Since then, a conciliation commission comprised of government representatives, deputies and senators has hammered out a compromise version, but the issue still looks set to be one of the most hotly debated in parliament in the coming weeks and months.

Lipatov said the revised bills are much improved and now have a good chance of being passed in the first reading, which will likely be in the first half of October.

The government's pointman on the project, Deputy Economic Development and Trade Minister Andrei Sharonov, said this week that the government had to agree to "serious changes" to get the bills back in the Duma.

For example, he said the Federation Council got what it wanted most, which was saving the regulatory role of the regions, despite government insistence that all regulatory functions be concentrated at the federal level.

And Duma deputies, he said, won concessions on letting vertically integrated companies operate during the transitional period of reform.

Sharonov said that most of the debate on the 370 amendments to the original bills will take place after the first reading, which he expected deputies to pass without much fuss.

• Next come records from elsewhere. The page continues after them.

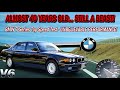 BMW 7 Still Fast After 40 Years 1986 Top Speed On Autobahn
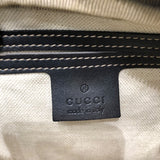 グッチ GUCCI GGスプリーム ショルダーバッグ 201447 ネイビー PVC レザー ユニセックス ショルダーバッグ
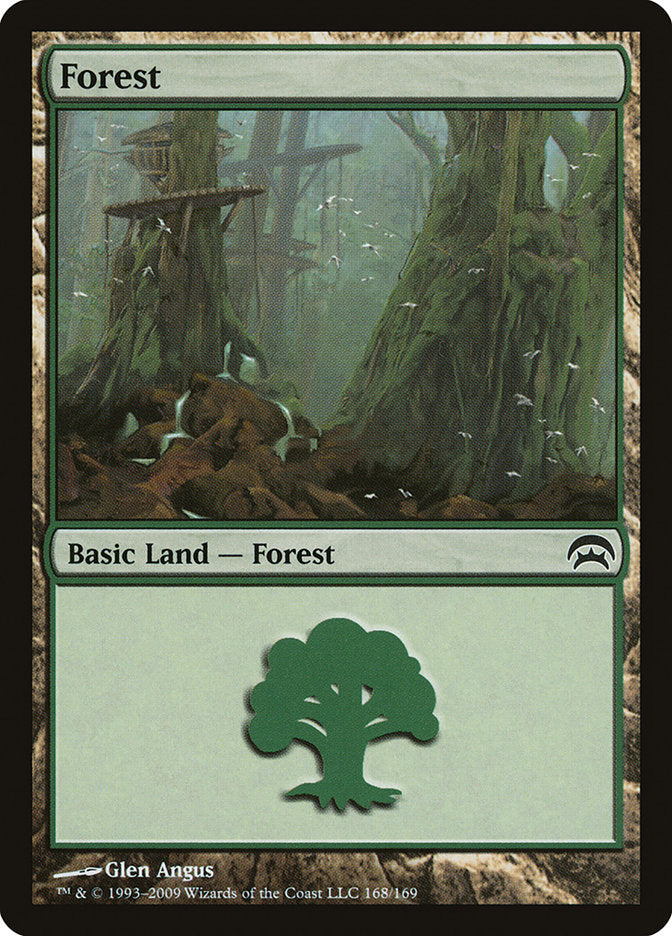 Forest (168) [Planechase] | Card Citadel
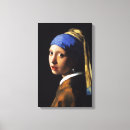 Suche nach johannes vermeer leinwandbilder Perlenohrring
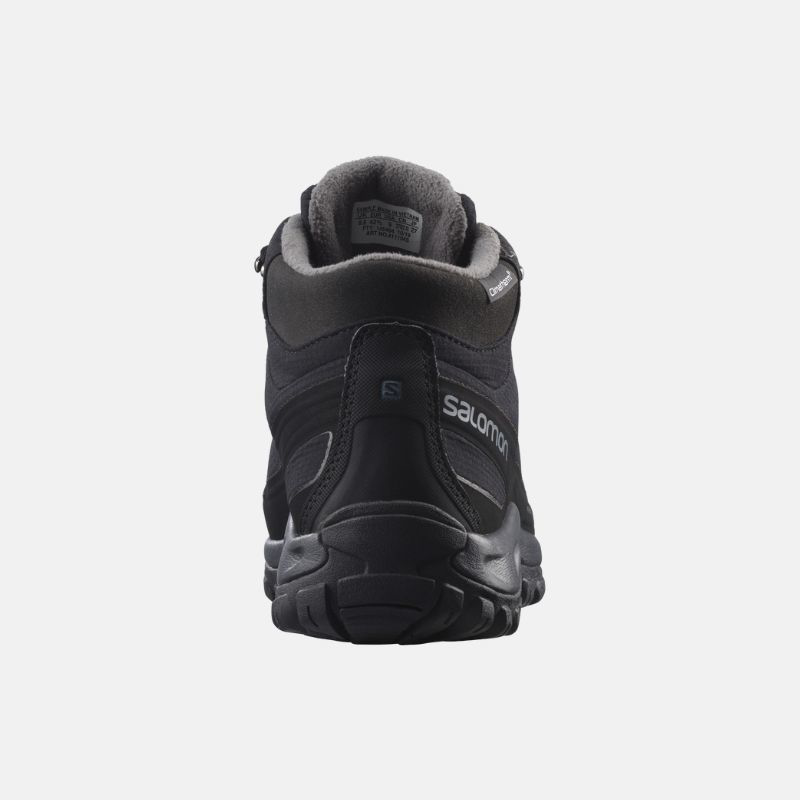 Picture of SALOMON Shelter CS WP Ανδρικά Παπούτσια Hiking Black / Ebony / Black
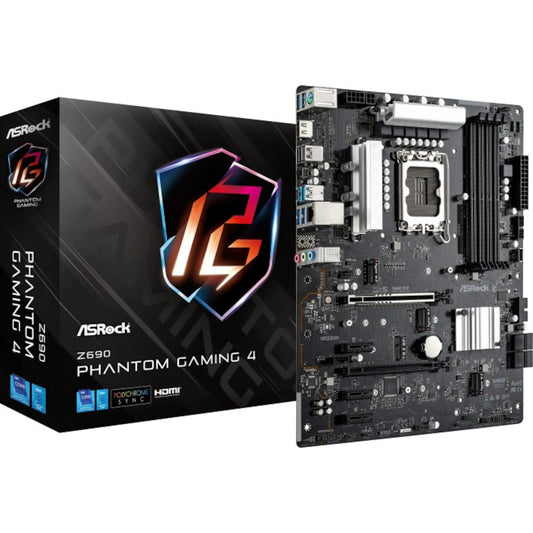 ASRock Z690 Phantom Gaming 4 - Mainboard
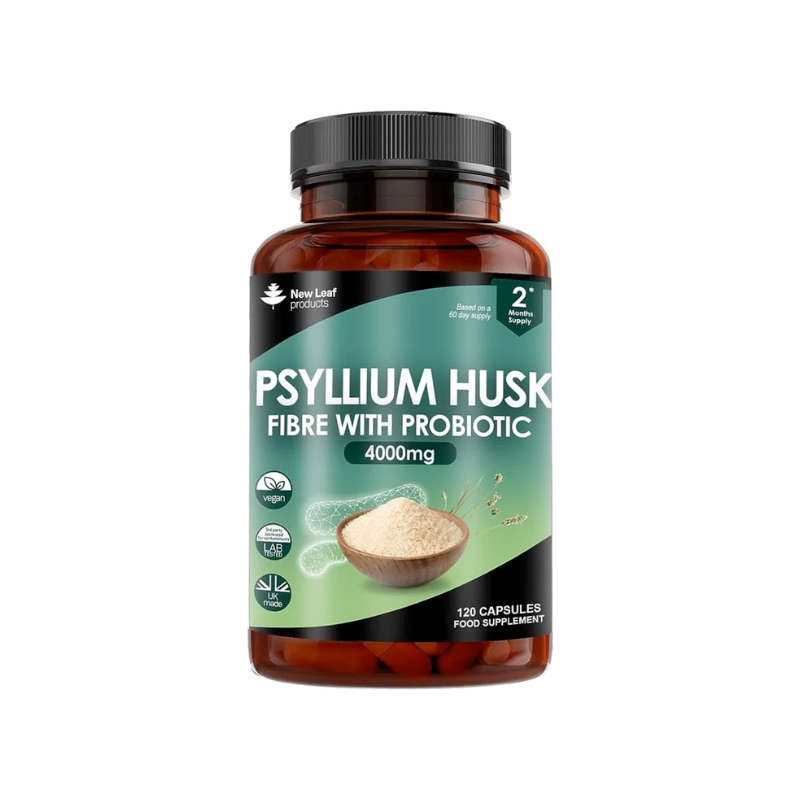 New Leaf Psyllium Husk 120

Others, however, are less optimistic.

Valery Rezansky, deputy head of the Fatherland-All Russia faction, which the government needs on its side to have a majority in the Duma, said that even after all the compromises achieved by the conciliation commission, too many negative or unclear elements remain.

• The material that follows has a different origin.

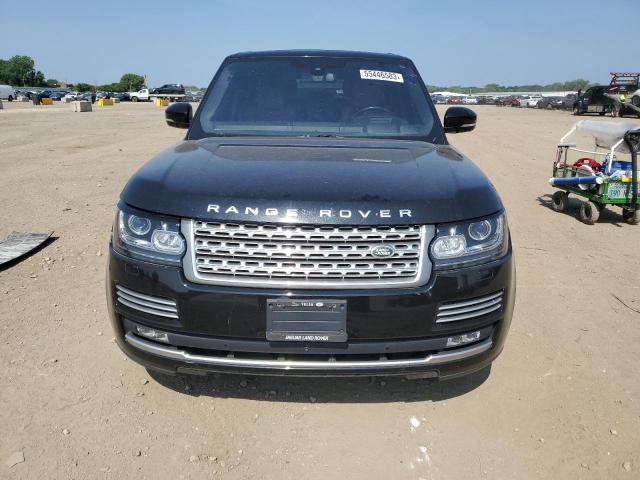 SALGV3EF6GA250516 - 2016 LAND ROVER RANGE ROVE AUTOBIOGRAPHY CHARCOAL photo 5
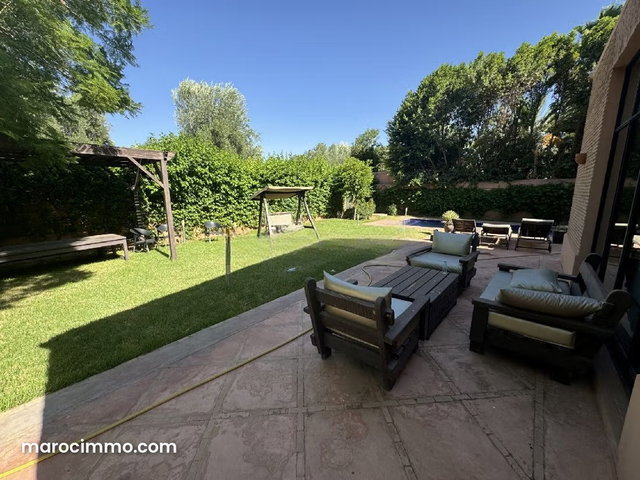 Villa d’Architecte Signée Elly Mouyal à Amelkis Resort, Marrakech – Sans Vis à Vis — 4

"We have not received an answer regarding how it will work to have regional energy commissions depend less on governors and more on the federal center," Rezansky said.

He said his faction is demanding that tariffs for electricity use by individuals be controlled by the federal government. If not, he said, electricity bills would jump sixfold. Fatherland-All Russia also wants tariffs to be set one year in advance to give businesses a chance to plan, he said.

Oleg Morozov, the leader of the coordination council of four centrist parties -- Unity, Fatherland-All Russia, People's Deputy and Russia's Regions -- said Tuesday that these and other unresolved issues mean that there is less than a 50 percent chance of the bills passing in the first reading.

"The government is proposing jumping out of the frying pan and into the fire," said Anatoly Kuzovkin of the Industry, Science and Technology Ministry's Institute of Macroeconomics.

"The government is proposing destroying the regional energy system, but in reality when Sharonov or Chubais are asked who will be obliged to provide the electricity on some definite territory -- they don't know," Kuzovkin said. "As a result of this kind of reform, GDP growth will end."

"There hasn't even been an analysis conducted of the social and economic consequences of the reform," said Russia Regions Deputy Yaroslav Shvyryayev, who has authored alternative bills on UES reform. He said he understands the utility's actions, which he said are based on its own corporate interests.

"But I can't understand the position of our own government."

Neither, apparently, does the government itself.

At a roundtable Monday attended by supporters and opponents of the government's UES plan, Sharonov got up and left before question time, leaving his colleague, Vyacheslav Kravchenko, to deal with dozens of irate scientists, experts and deputies.

Kravchenko, head of the Economic Development and Trade Ministry's department of restructuring natural monopolies, failed to answer scores of questions and stormed out in the middle of a heated debate.

Even the Moscow City Duma has jumped into the fray, voting Wednesday to officially appeal to the president, prime minster and Federation Council to halt UES reform.

The plan "will inevitably lead to muddle, anarchy and a loss of the responsibility for stable energy supplies," the appeal said, adding that reform should be delayed until 2004 to carry out an additional study on its impact with the participation of "subjects of the federation and foreign and domestic experts."

The City Duma also insisted that UES "transfer" a controlling stake in Mosenergo to Moscow.

In the past week, several major brokerages have downgraded UES shares over fears of continued asset-stripping.

The most aggressive was National Reserve Bank, which owns 4.5 percent of UES and was quoted Thursday as saying that the uncertainty surrounding the company could cause its share price "to fall between four and eight times in the coming months."